Wednesday, 22 December 2010

Giving

Our final quote from the fabulous Truman Capote's A Christmas Memory

"It's bad enough in life to do without something you want; but confound it, what gets my goat is not being able to give somebody something you want them to have." Truman Capote A Christmas Memory



biscuits

The gift of baking

Tuesday, 21 December 2010

Decorating The Tree

"A trunk in the attic contains: a shoebox of.... coils of frazzled tinsel gone gold with age, one silver star, a brief rope of dilapidated, undounbtedly dangerous candy-like light bulbs. Excellent decorations as far as they go, which isn't far enough: my friend wants our tree to blaze..., droop with weighty snows of ornament... We do what we've always done: sit for days at the kitche table with scissors and crayons and stacks of coloured paper.

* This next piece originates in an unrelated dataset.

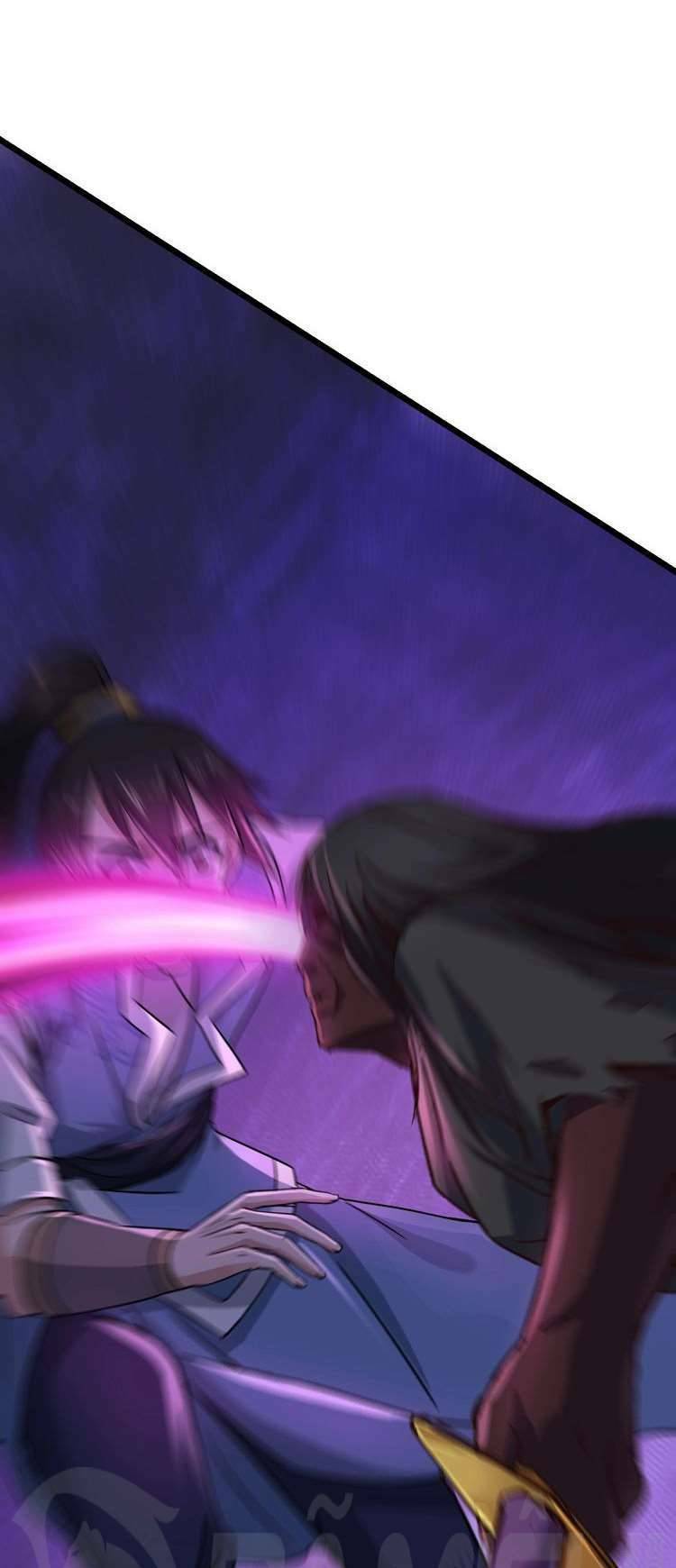 việc tu luyện hằng ngày của vũ đế chapter 27 25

I make sketches and my friend cuts them out: lots of cats, fish too (because they're easy to draw), some apples, some watermelons, a few winged angels devised from saved-up sheets of Hershey-bar tin foil... As a final touch, we sprinkle the branches with shredded cotton (picked in August for this purpose). My friend, surveying the effect, clasps her hands together. 'Now honest Buddy. doesn't it look good enough to eat? Queenie tries to eat an angel." Truman Capote A Christmas Memory

How will you decorate your tree?

Monday, 20 December 2010

Finding The Tree

" I know where we'll find real pretty trees... And holly, too. With berries as big as your eyes...
'We're almost there; can you smell it Buddy?' she says, as though we were approaching an ocean.
And, indeed, it is a kind of ocean. Scented acres of holiday trees, prickly leafed holly. Red berries shiny as Chinese bells: ...we set about choosing a tree. 'It should be,' muses my friend, 'twice as tall as a boy. So a boy can't steal the star.' The one we pick is twice as tall as me. A brave handsome brute... Lugging it like a kill, we commence the long trek out...But we have the strength of triumphant huntsmen; that and the tree's virile, icy perfume revive us." Truman Capote A Christmas Memory

tree

Tomorrow we'll decorate the tree.

Friday, 17 December 2010

What is a Marriage?

"What is a marriage? Words. A commitment. We pledge ourselves to someone else. It is probably the most significant commitment any of us can make, and it depends on our moral determination to honour it. A declaration of marriage does not mean: 'We are man and wife so long as we find each other attractive or compatible; so long as we feel passion for each other; so long as we don;t meet someone more attractive.' It means 'I will be woth you whatever faith brings. I will stay loyal to you. When you need me, I'll be there. When things are tough, I won't walk away.' A marriage can begin in attraction, shared interests or common destiny, but by moralizing the bond it lifts it to an altogether different plane. A personal commitment is stronger than passion, emotion or attraction. It is a pledge to spend a life together, come what may." Chief Rabbi Jonathon Sacks Celebrating Life

Alternative Wedding Flower Love

peony love
stem vase love

floral tin can love
Hope you've enjoyed this week.

Thursday, 16 December 2010

A ring glimmers on your hand

No I'll not take the half...
No, I'll not take the half of anything!
Give me the whole sky! The far-flung earth!
Seas and rivers and mountain avalanches -
All these are mine! I'll accept no less!
No, life, you cannot woo me with a part.
Let it be all or nothing! I can shoulder that!
I don't want happiness by halves.
Nor is half of sorrow what I want.
Yet there's a pillow I would dhare,
Where gently pressed against a cheek,
Like a helpless star, a falling star,
A ring glimmers on your hand.
Yevgeny Yevtushenko
Oh to have had abundant candles and fairy lights....
(Alas being a 14th cemtury tithe barn there were no candles allowed anywhere vaguely in the vicinity.)